(Data extract Opens)

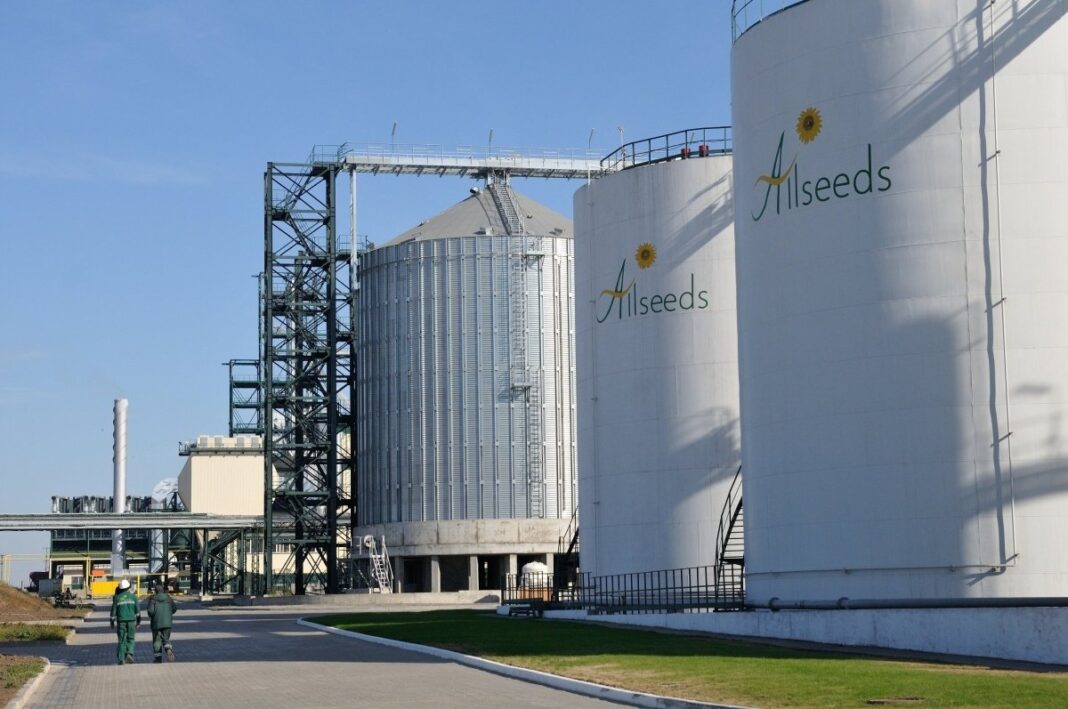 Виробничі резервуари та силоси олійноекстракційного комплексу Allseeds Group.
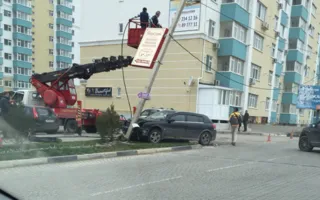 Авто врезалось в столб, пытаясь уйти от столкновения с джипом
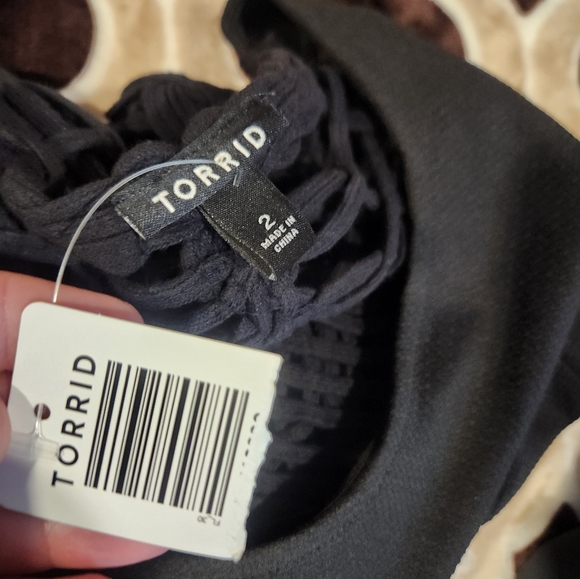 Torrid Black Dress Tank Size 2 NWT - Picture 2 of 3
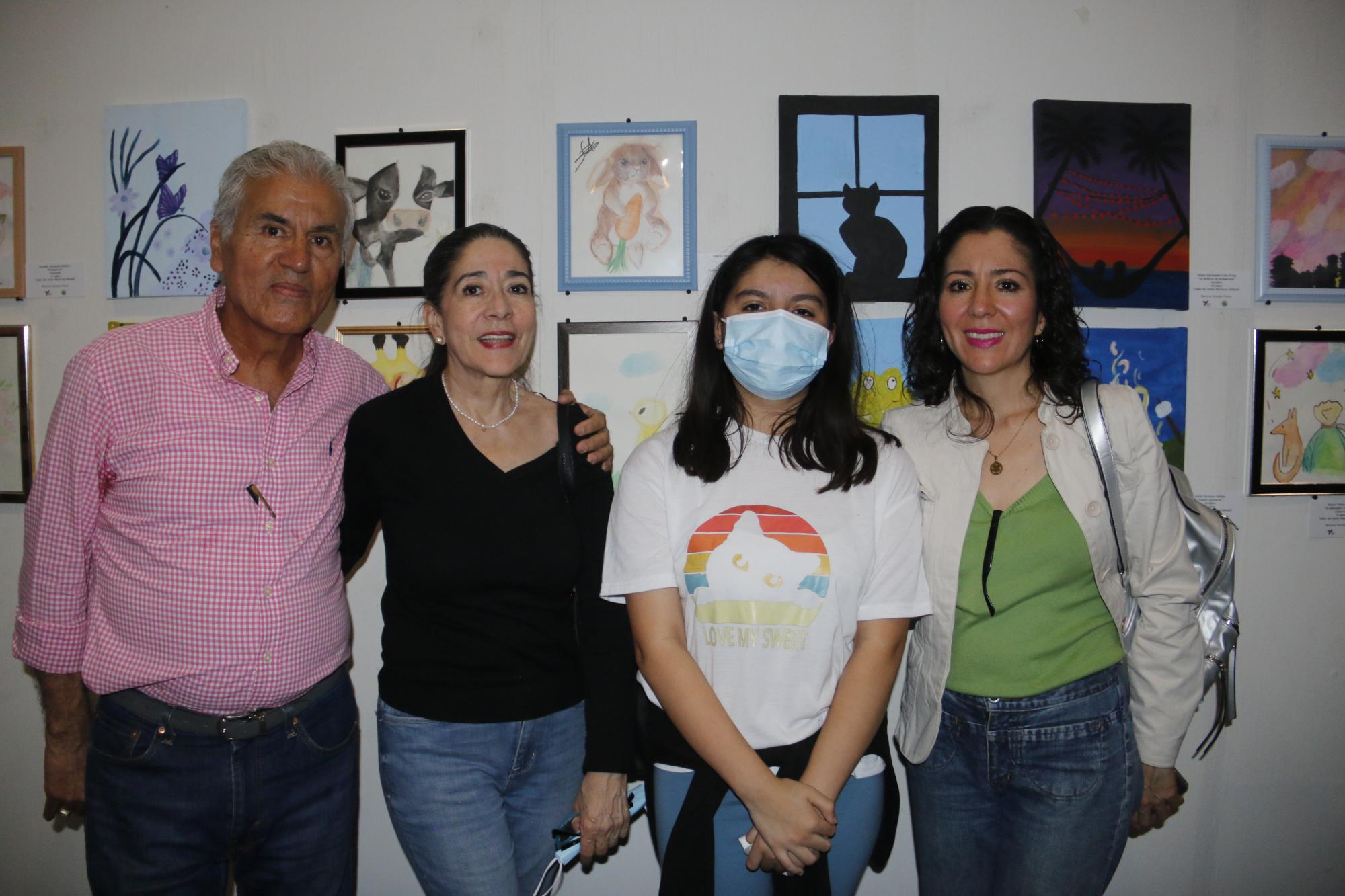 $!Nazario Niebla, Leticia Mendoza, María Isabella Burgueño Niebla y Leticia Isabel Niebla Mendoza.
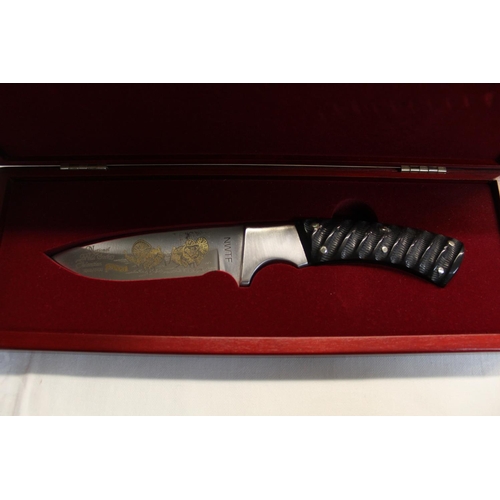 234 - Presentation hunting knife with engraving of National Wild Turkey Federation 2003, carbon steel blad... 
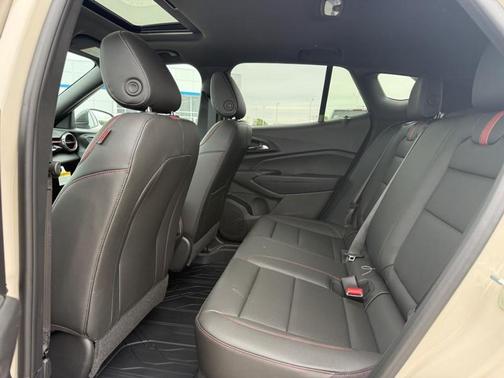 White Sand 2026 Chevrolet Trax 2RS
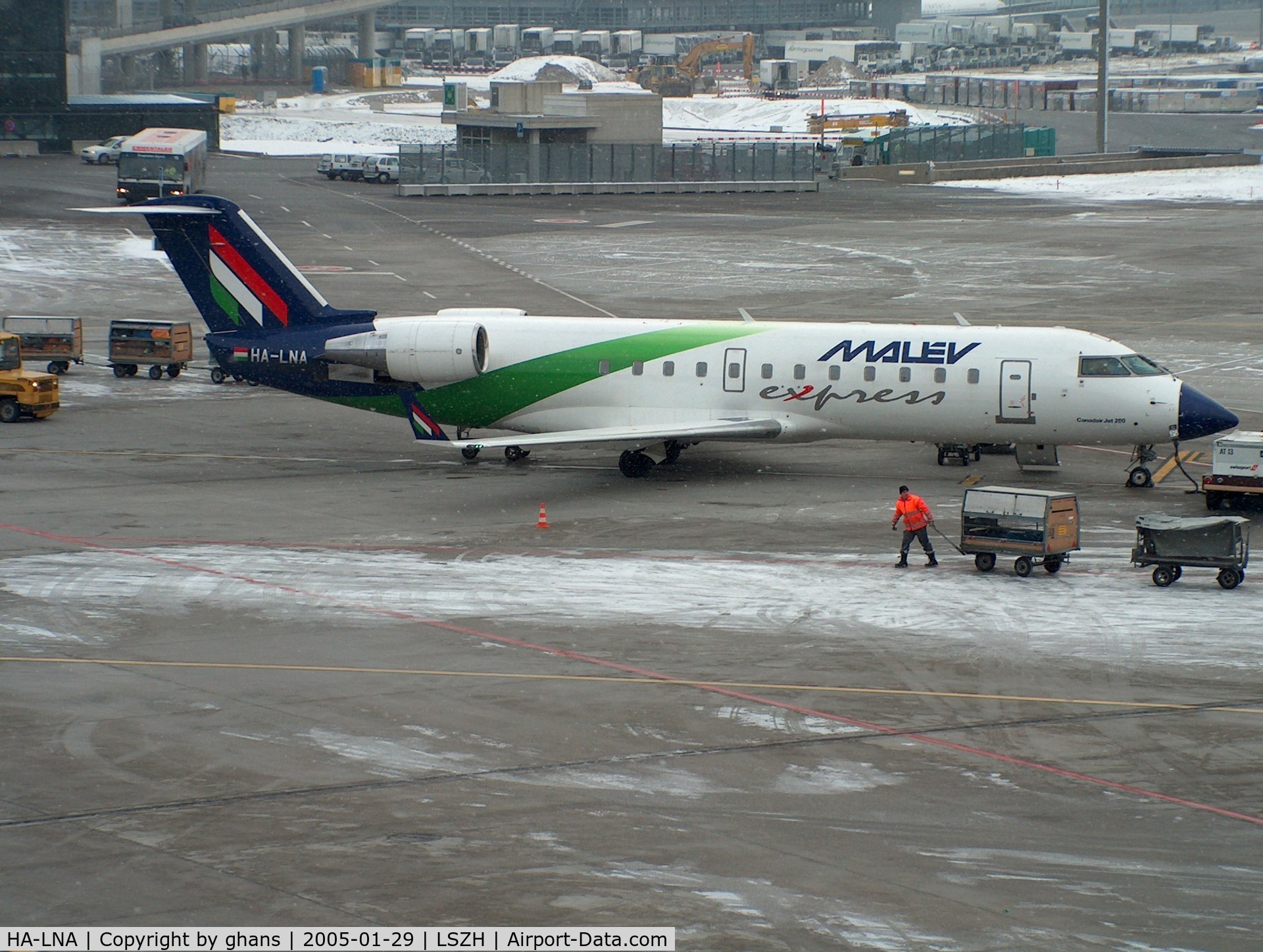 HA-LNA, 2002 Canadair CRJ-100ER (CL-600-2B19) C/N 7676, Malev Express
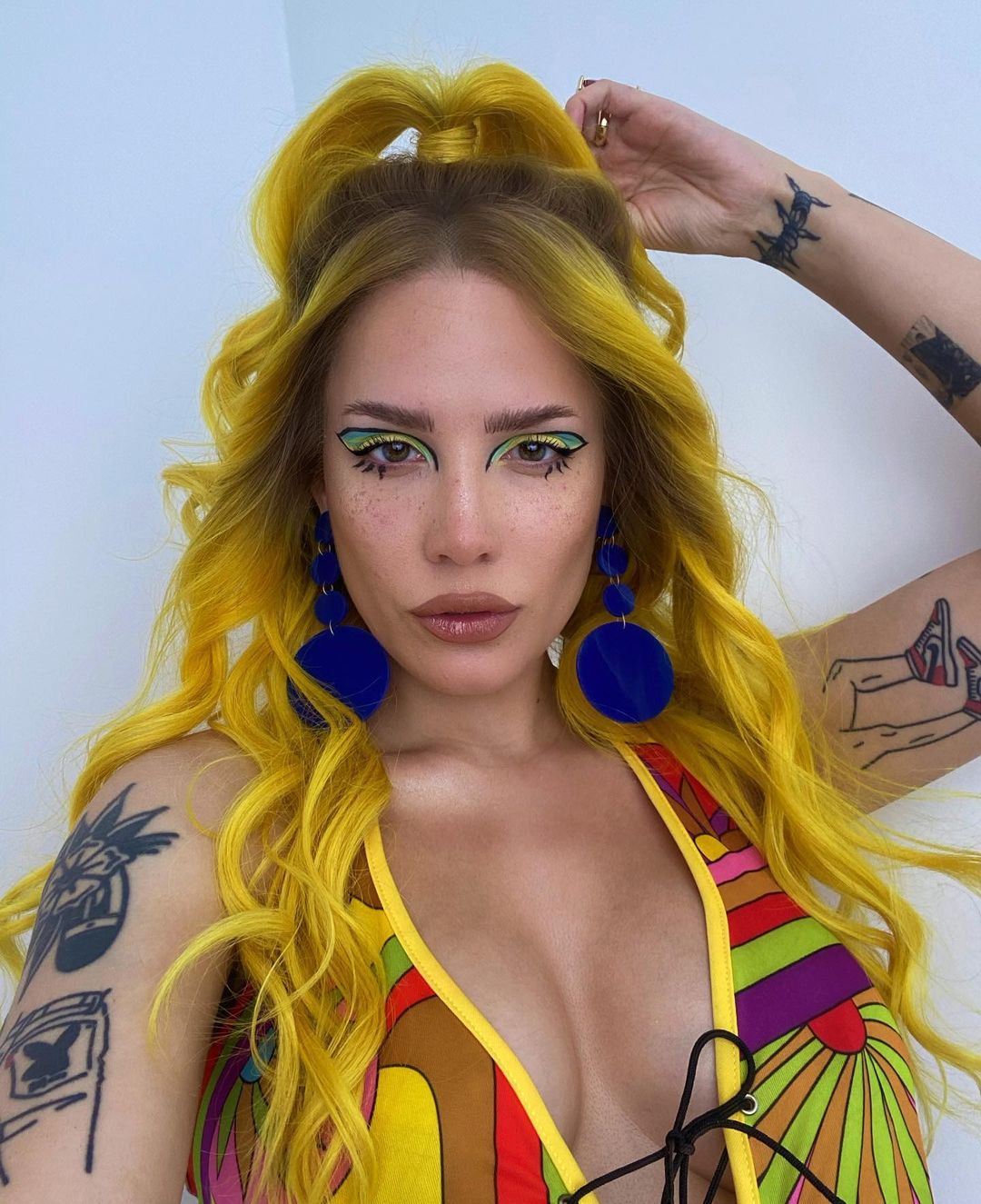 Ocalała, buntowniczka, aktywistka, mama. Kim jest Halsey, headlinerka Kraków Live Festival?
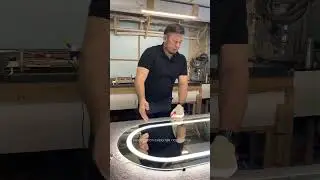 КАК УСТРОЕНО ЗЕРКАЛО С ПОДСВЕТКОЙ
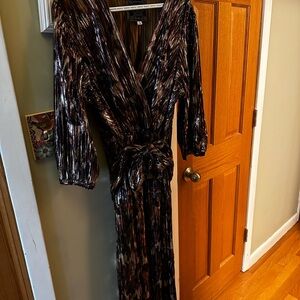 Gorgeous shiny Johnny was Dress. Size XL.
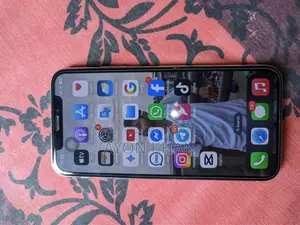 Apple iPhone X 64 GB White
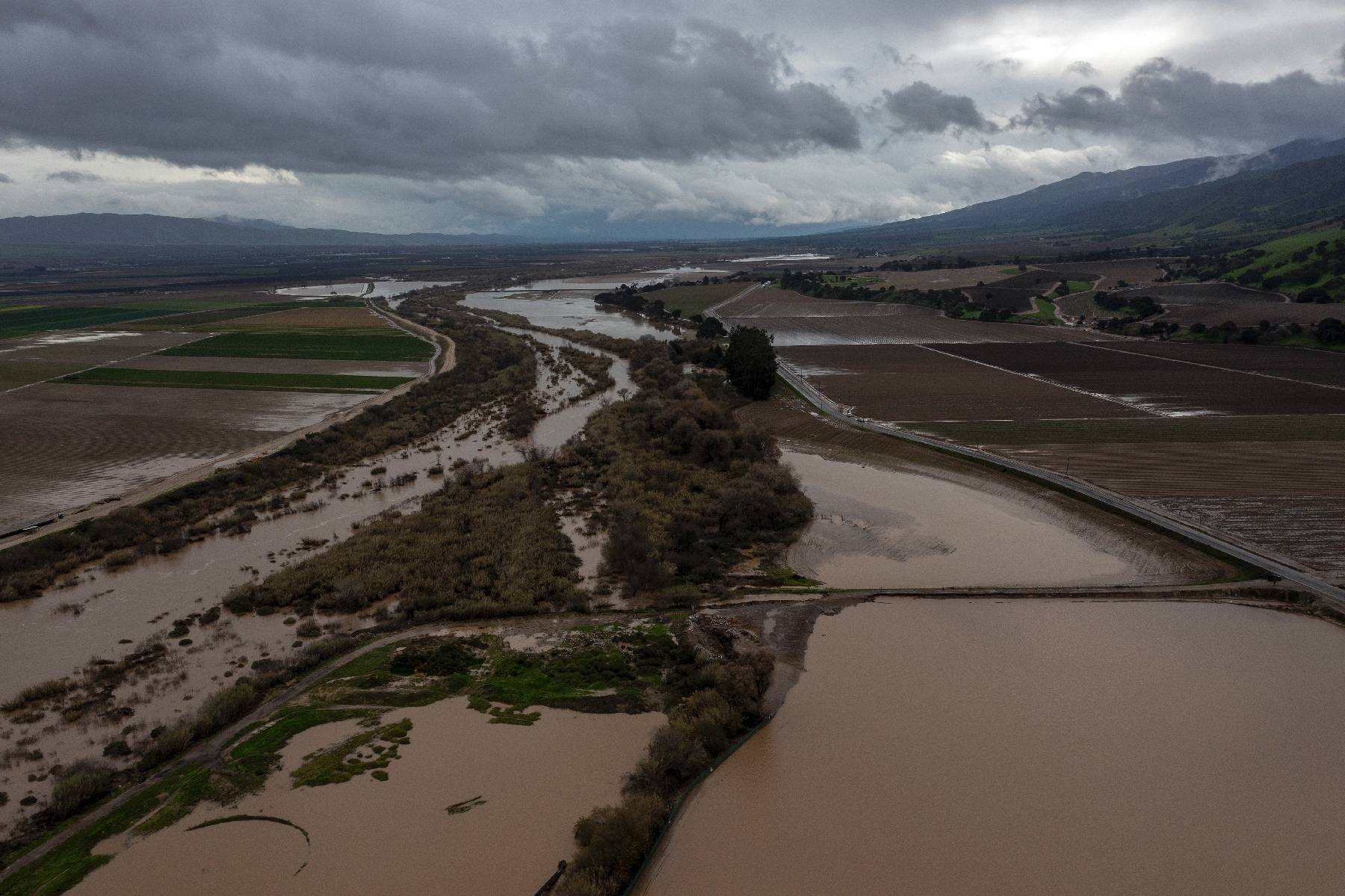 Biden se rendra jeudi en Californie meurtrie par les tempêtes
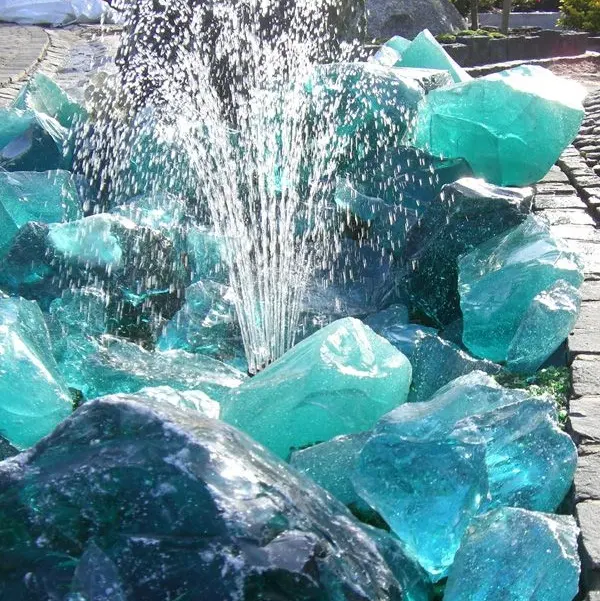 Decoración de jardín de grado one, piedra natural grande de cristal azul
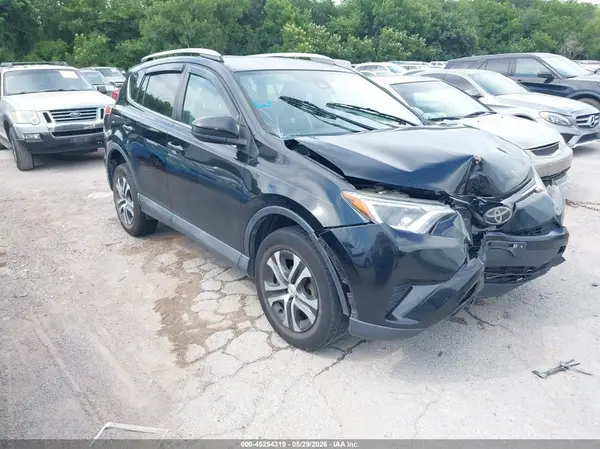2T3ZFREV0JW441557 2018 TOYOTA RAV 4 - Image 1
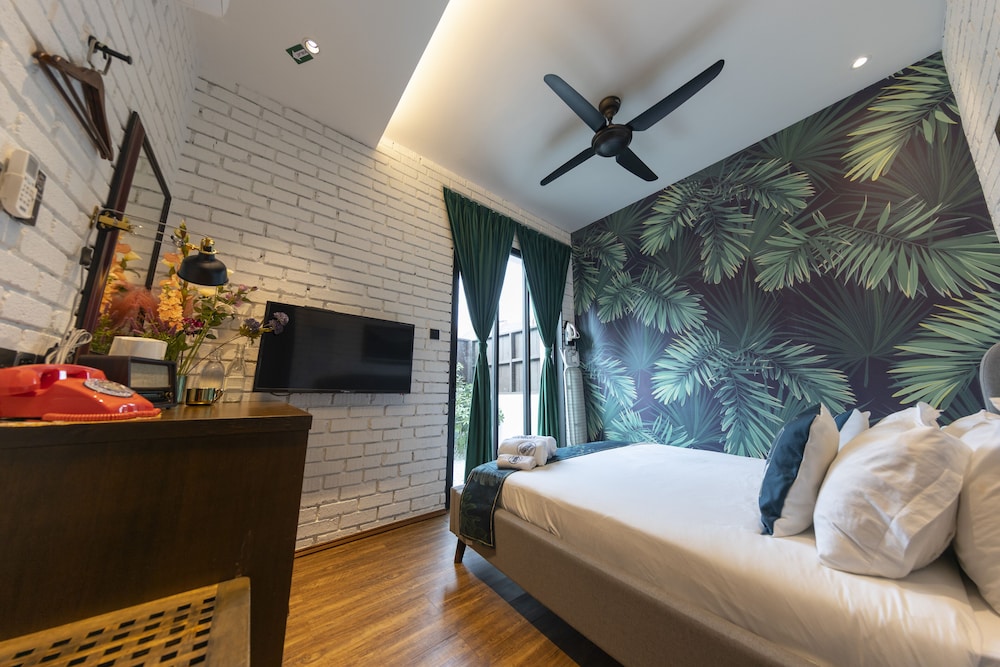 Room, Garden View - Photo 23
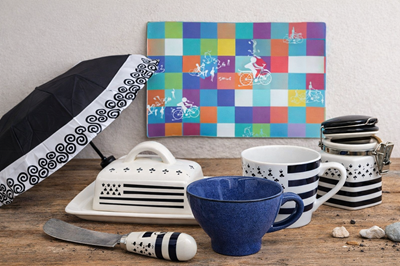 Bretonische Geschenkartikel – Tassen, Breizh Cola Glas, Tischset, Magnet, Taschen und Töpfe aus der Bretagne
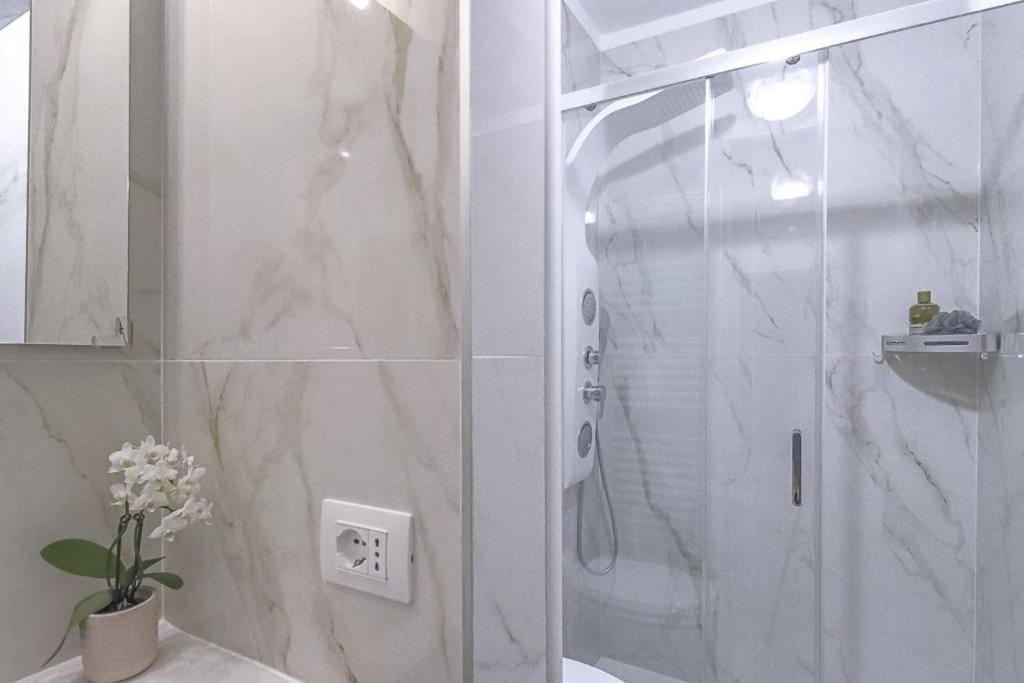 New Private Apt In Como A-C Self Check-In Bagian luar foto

(Data extract Closes)

* _Goal of the exercise_:
Line by line, restate the data above exactly as it stands, minus the pictures.

* _Response area_:
 Виробничі резервуари та силоси олійноекстракційного комплексу Allseeds Group.
 Авто врезалось в столб, пытаясь уйти от столкновения с джипом
 Torrid Black Dress Tank Size 2 NWT - Picture 2 of 3
 $!Nazario Niebla, Leticia Mendoza, María Isabella Burgueño Niebla y Leticia Isabel Niebla Mendoza.
 234 - Presentation hunting knife with engraving of National Wild Turkey Federation 2003, carbon steel blad... 
 White Sand 2026 Chevrolet Trax 2RS
 HA-LNA, 2002 Canadair CRJ-100ER (CL-600-2B19) C/N 7676, Malev Express
 Ocalała, buntowniczka, aktywistka, mama. Kim jest Halsey, headlinerka Kraków Live Festival?
 КАК УСТРОЕНО ЗЕРКАЛО С ПОДСВЕТКОЙ
 Gorgeous shiny Johnny was Dress. Size XL.
 Apple iPhone X 64 GB White
 Biden se rendra jeudi en Californie meurtrie par les tempêtes
 Decoración de jardín de grado one, piedra natural grande de cristal azul
2T3ZFREV0JW441557 2018 TOYOTA RAV 4 - Image 1
 Room, Garden View - Photo 23
 Bretonische Geschenkartikel – Tassen, Breizh Cola Glas, Tischset, Magnet, Taschen und Töpfe aus der Bretagne
 New Private Apt In Como A-C Self Check-In Bagian luar foto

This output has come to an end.